As of 1 January, tourists will now be paying an extra three euros [$3.37] per night when staying at short-term rentals or hotels in the city, on top of an existing seven per cent tourist tax. Meanwhile, campers will need to pay an extra euro on top each night.
As one of Europe’s most popular destinations for foreign visitors, far exceeding the amount of people who live there, Amsterdam already has one of the highest tourist taxes in Europe.
Venice is another major European city to try and cash in on high tourist demand by charging visitors [even those staying for just one day] ten euros during peak periods and three euros during off-peak periods, as of 1 July 2020. Overnight visitors already pay an existing tourist tax.

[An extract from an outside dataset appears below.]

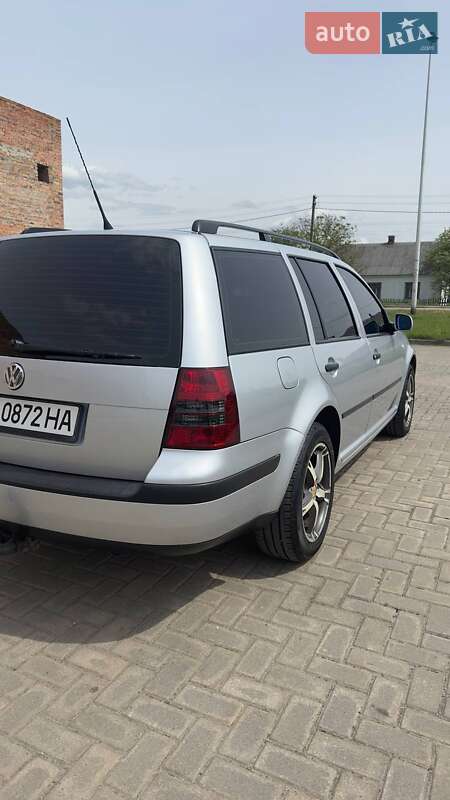 Универсал Volkswagen Golf 2001 в Любомле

Japan and New Zealand are two countries to have adopted nationwide tourist tax policies in recent times, with the former aiming to use additional funds to fuel infrastructural improvements and public services ahead of this summer’s Olympic and Paralympic Games in Tokyo.
Similarly, New Zealand started to charge visitors NZ$35 (US$23.53) last year to pay for infrastructural improvements, although Australians are not required to pay the fee.